▶ _Provided information_:
▬▬▬▬▬▬▬▬▬▬
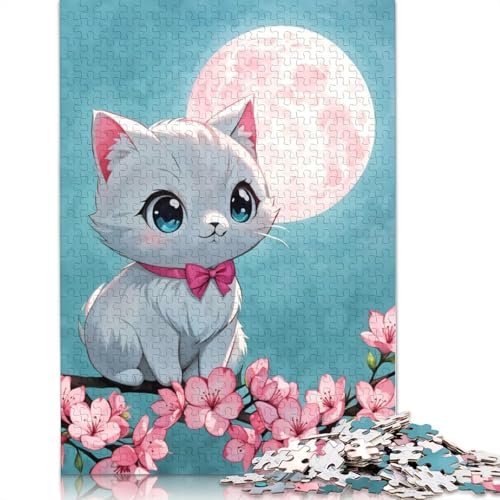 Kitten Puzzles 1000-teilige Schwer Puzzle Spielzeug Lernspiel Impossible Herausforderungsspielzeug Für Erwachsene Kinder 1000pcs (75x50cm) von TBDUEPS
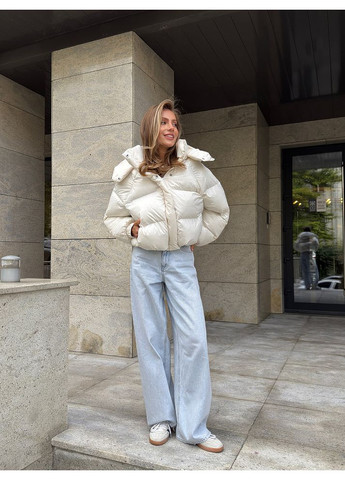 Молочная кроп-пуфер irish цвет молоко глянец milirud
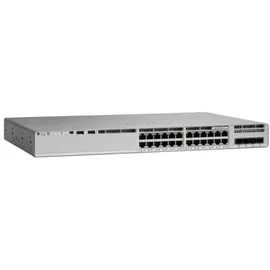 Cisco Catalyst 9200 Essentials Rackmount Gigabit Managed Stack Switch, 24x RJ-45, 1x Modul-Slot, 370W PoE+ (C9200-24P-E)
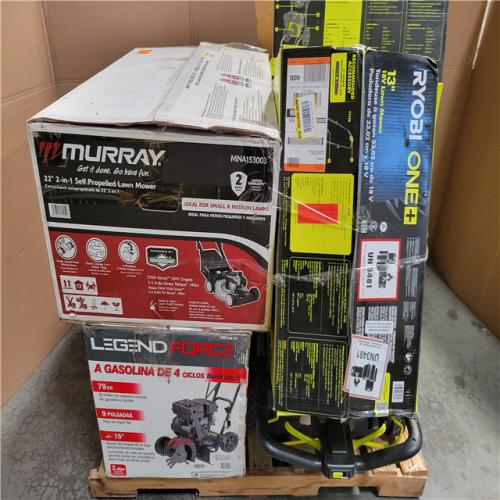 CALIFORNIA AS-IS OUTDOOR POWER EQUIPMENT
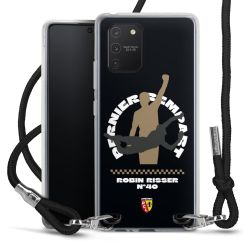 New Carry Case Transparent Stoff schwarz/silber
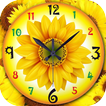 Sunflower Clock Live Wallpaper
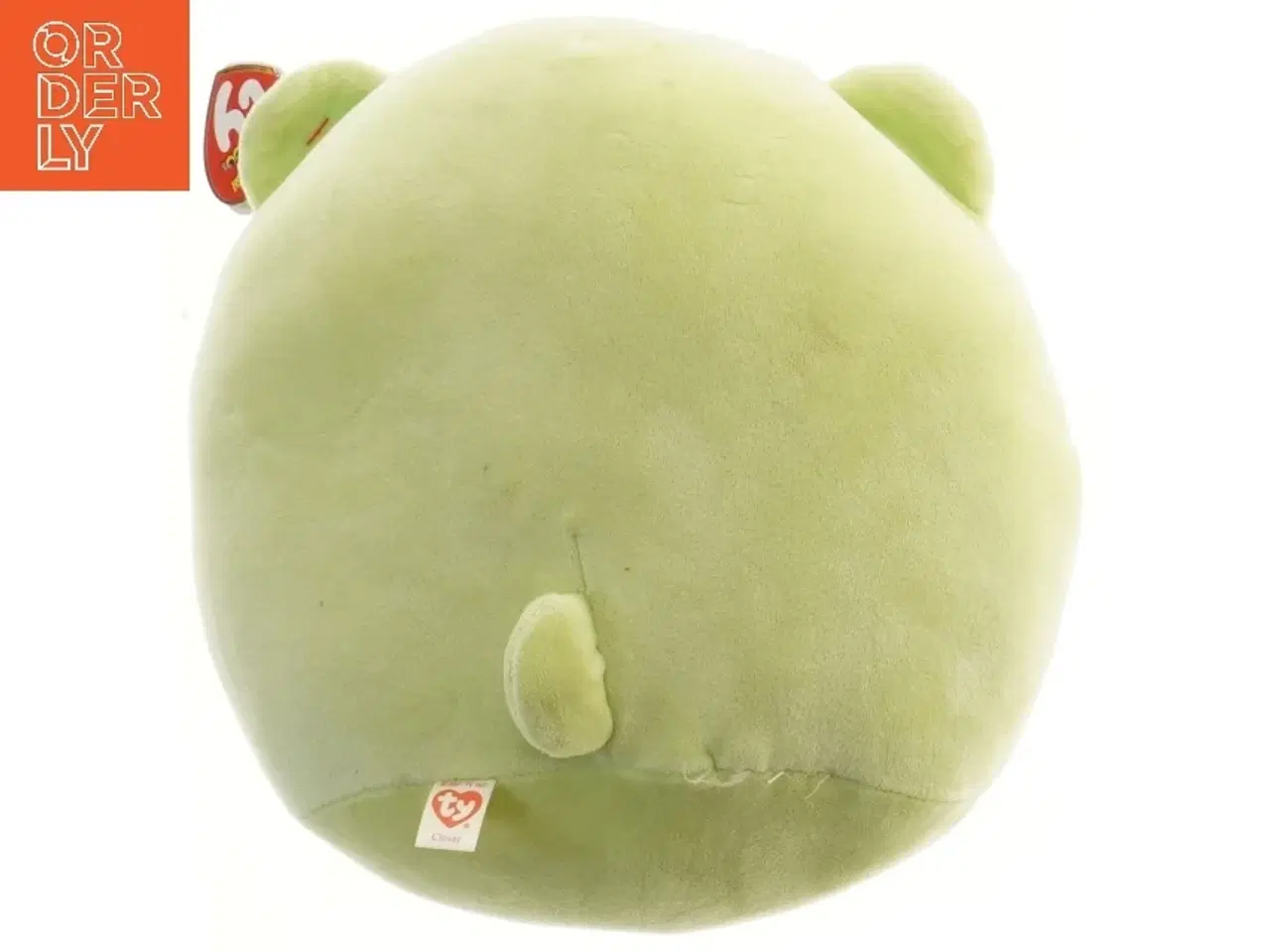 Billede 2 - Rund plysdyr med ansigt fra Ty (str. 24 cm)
▬▬▬▬▬▬▬▬▬▬
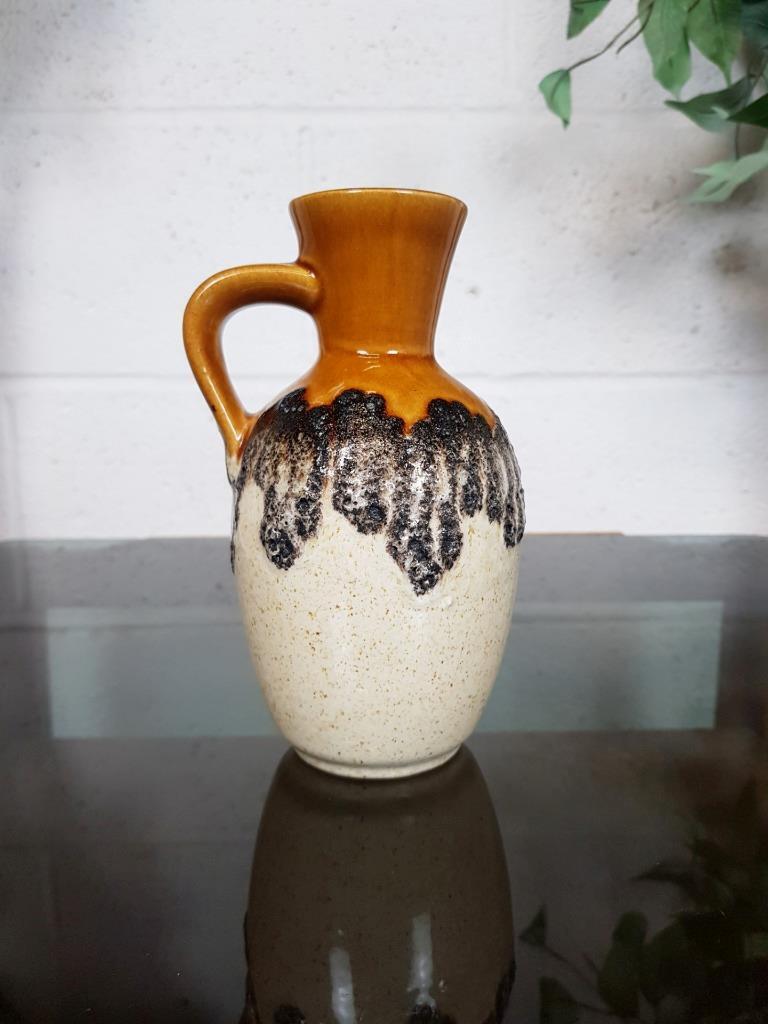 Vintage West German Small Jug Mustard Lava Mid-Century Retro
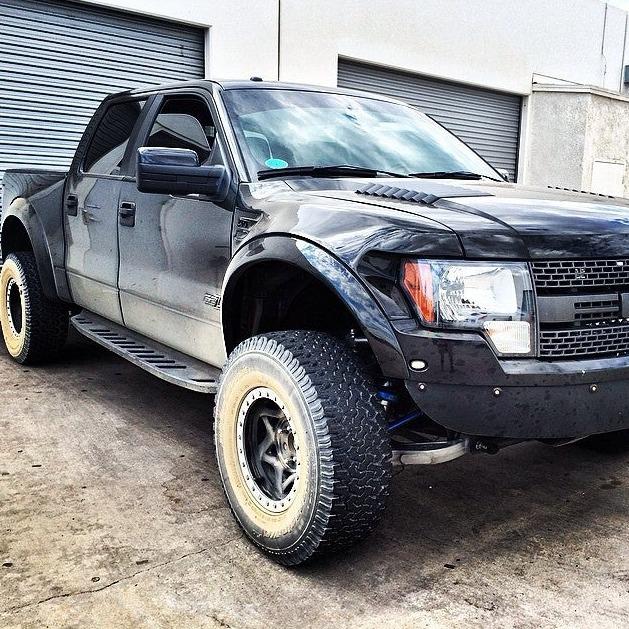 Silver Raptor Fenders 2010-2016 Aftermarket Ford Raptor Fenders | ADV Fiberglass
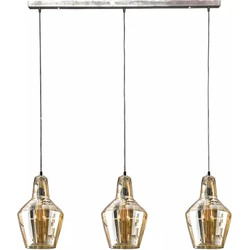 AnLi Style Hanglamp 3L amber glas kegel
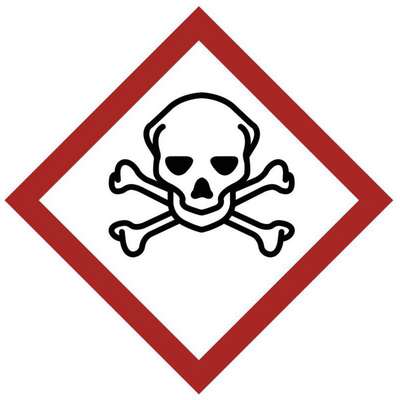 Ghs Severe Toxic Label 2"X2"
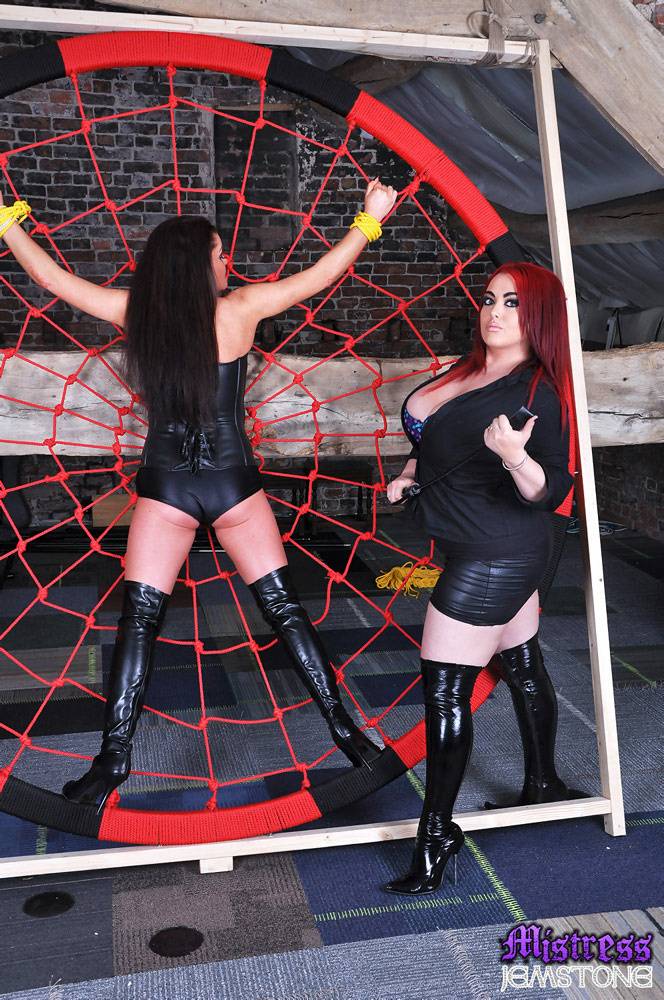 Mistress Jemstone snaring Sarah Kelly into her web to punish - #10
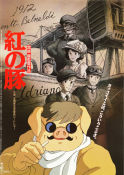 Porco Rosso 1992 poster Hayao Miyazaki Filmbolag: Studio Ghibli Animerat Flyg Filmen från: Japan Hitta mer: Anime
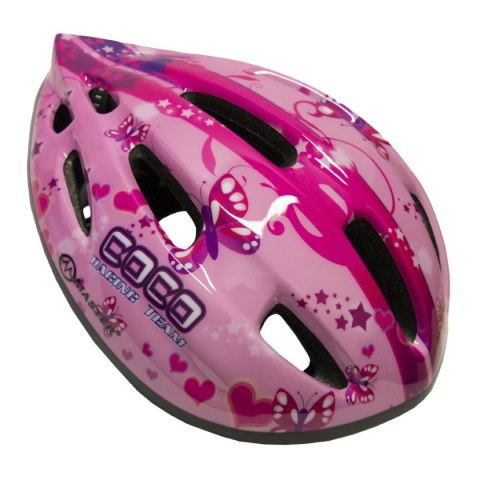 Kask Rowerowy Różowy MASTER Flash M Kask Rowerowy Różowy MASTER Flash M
▬▬▬▬▬▬▬▬▬▬
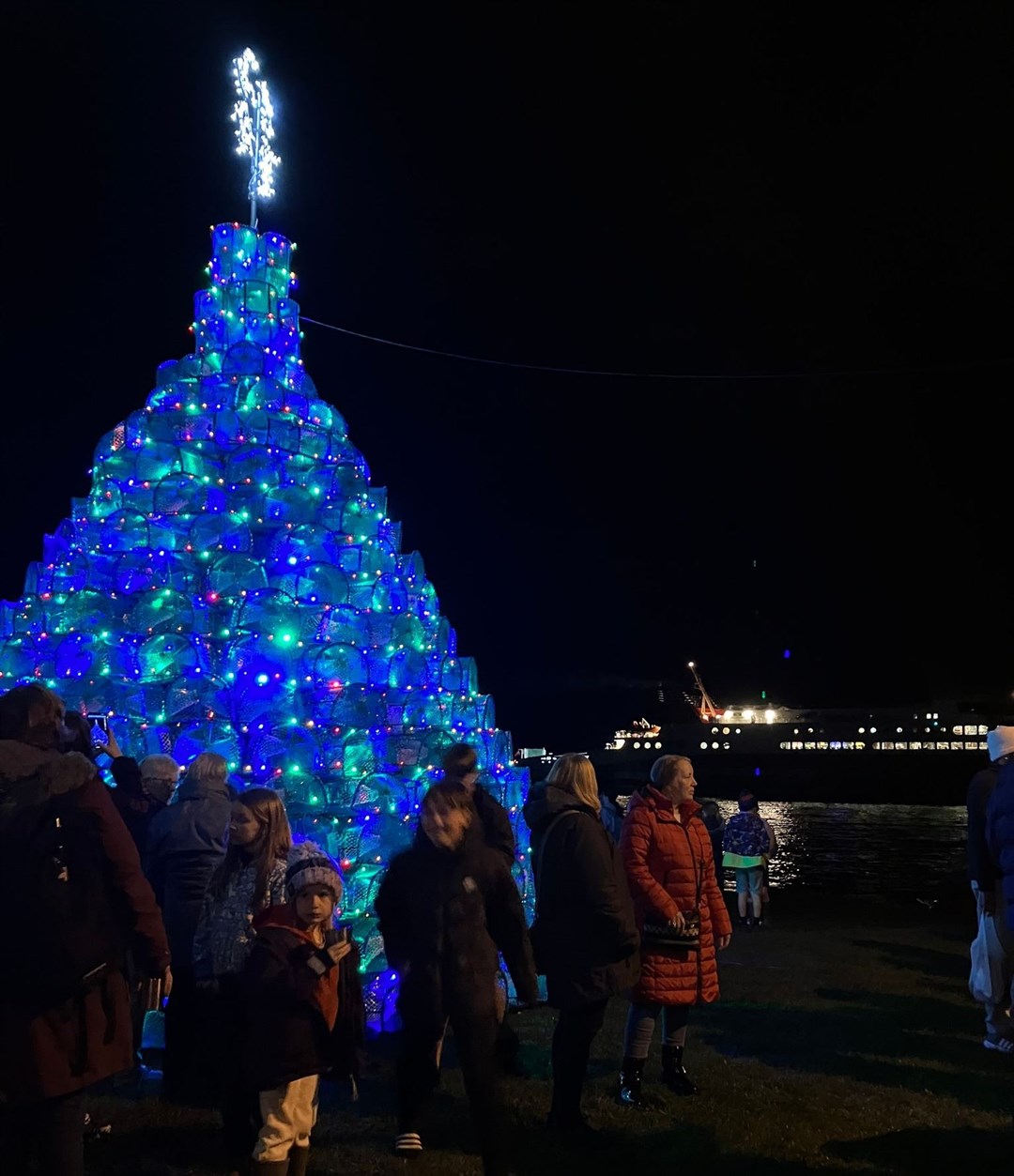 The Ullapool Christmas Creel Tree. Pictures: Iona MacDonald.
▬▬▬▬▬▬▬▬▬▬
▶ _Exercise_: Using the entries above, transcribe exactly from the line that has "Молочная кроп-пуфер irish" through the line that has "Billede 2 - Rund". Pictures are dropped.

▶ _Answer area_:
 Молочная кроп-пуфер irish цвет молоко глянец milirud
 Cisco Catalyst 9200 Essentials Rackmount Gigabit Managed Stack Switch, 24x RJ-45, 1x Modul-Slot, 370W PoE+ (C9200-24P-E)
 CALIFORNIA AS-IS OUTDOOR POWER EQUIPMENT
 New Carry Case Transparent Stoff schwarz/silber
 Sunflower Clock Live Wallpaper
 Billede 2 - Rund plysdyr med ansigt fra Ty (str. 24 cm)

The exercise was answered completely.